Transact SQL – Warnings – No Join Predicate / Query Optimization – Rules and Costs Based

Background

The first thing one learns about Database Performance is the importance of “up to date” Statistics.  As soon as things start running slow, one hears the harried echoes – Is there blocking, are the stats up to date, are the Indexes Defragged, are those bad queries running again?

I am always amazed as to how many things get thrown at the lowly and lonely DBA.

 

No Join Predicate

And, so that I am really jazzed that Microsoft Research along with the Database Core group continues to think ahead and evolve the product.  Let us take for example this “No Join predicate” thing.

Optimization Path

Rules Based

We has DBAs have to quickly understand what is new, how it helps us, and what do we have to do to ensure we are reaping unearned credits.

How does it work?  Well, it looks at the query and tries to decipher whether it’s join clause is fully defined.

In the Join clause it says have we included all the columns needed to ensure that a unique row is returned.  Uniqueness is satisfied via:

  • Primary Key
  • Unique Index
  • Unique Constraints

In previous post, we defined our table as

 


SET ANSI_NULLS ON
GO

SET QUOTED_IDENTIFIER ON
GO

if schema_id('njp') is null
begin

    exec('create schema [njp] authorization [dbo]')

end
go

if object_id('[njp].[AttributeList]') is not null
begin
    drop table [njp].[AttributeList]
end
go

if object_id('[njp].[listofAttributes]') is not null
begin
    drop table [njp].[listofAttributes]
end
go

if object_id('[njp].[person]') is not null
begin
    drop table [njp].[person]
end
go

create table [njp].[person]
(
    [personID] bigint not null identity(1,1)
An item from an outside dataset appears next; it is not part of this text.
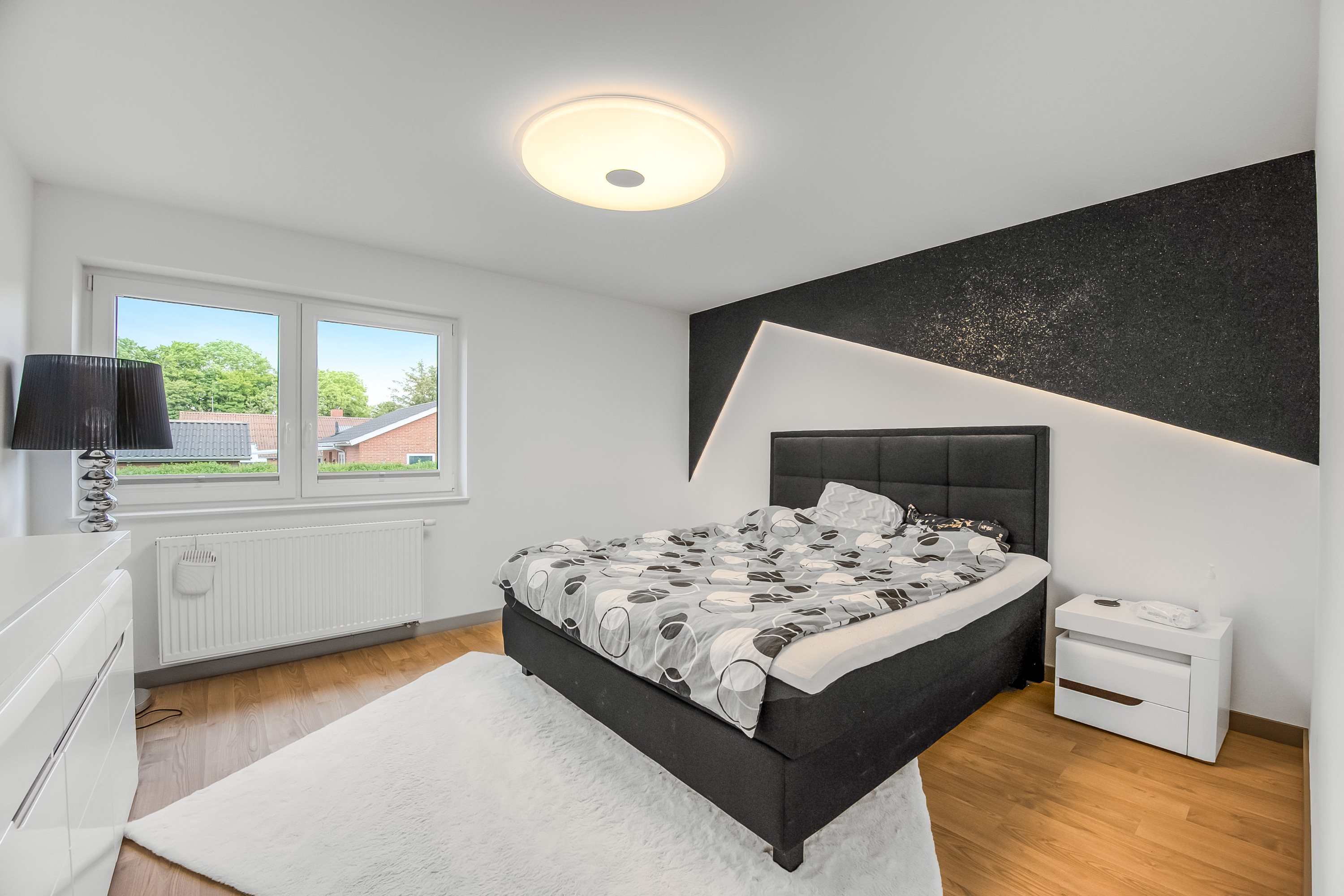 Fremhævet soveværelse billede i fuldskærmstilstand. Billede af Stadionalle 5, Borris, 6900 Skjern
     CONSTRAINT [PK_PERSON_ID] PRIMARY KEY CLUSTERED
    (
	    [personID] ASC
    )

)

create table [njp].[listofAttributes]
(
    [attributeName] nvarchar(50) not null primary key
)
go

CREATE TABLE [njp].[AttributeList]
(
	  [pkAttributeListID] [bigint] IDENTITY(1,1) NOT FOR REPLICATION NOT NULL

    , [personID] bigint not null

	, [attributeName] [nvarchar](50) not null

	, [attributeValue] [nvarchar](380)  null

	, [addedBy] [sysname] NOT NULL
        CONSTRAINT constrantDefaultNJPAttributeList
            default (SUSER_SNAME())

	, [addedOn] [datetime] NOT NULL
         CONSTRAINT constrantDefaultNJPAttributeListAddedOn
            default getdate() 

     CONSTRAINT [PK_AttributeList] PRIMARY KEY NONCLUSTERED
    (
	    [pkAttributeListID] ASC
    )

    , CONSTRAINT [FK_AttributeList_PersonID]
        FOREIGN KEY
            (
	            [personID]
            )
        REFERENCES [njp].[person]
            (
	            [personID]
            )

     , CONSTRAINT [FK_AttributeList_AttributeName]
        FOREIGN KEY
            (
	            [attributeName]
            )
        REFERENCES [njp].[listofAttributes]
            (
	            [attributeName]
            )

)

go

create clustered index idx_personID_attributeName
on [njp].[AttributeList]
(
      [personID]
	, [attributeName]
)
GO

create nonclustered index idx_pkAttributeListID
on [njp].[AttributeList]
(
      [pkAttributeListID]
)
GO

/*
    drop index [njp].[AttributeList].idx_unique_personID_attributeName
    create unique index idx_unique_personID_attributeName
    on [njp].[AttributeList]
    (
          [personID]
	    , [attributeName]
    );

    update statistics [njp].[AttributeList] idx_unique_personID_attributeName with fullscan;

*/
go

/*

    -- drop index [njp].[AttributeList].idx_unique_pkAttributeListID
    create unique nonclustered index idx_unique_pkAttributeListID
    on [njp].[AttributeList]
    (
          [pkAttributeListID]
    )

*/
go

/*

    alter table [njp].[AttributeList]
        drop constraint [PK_AttributeList] 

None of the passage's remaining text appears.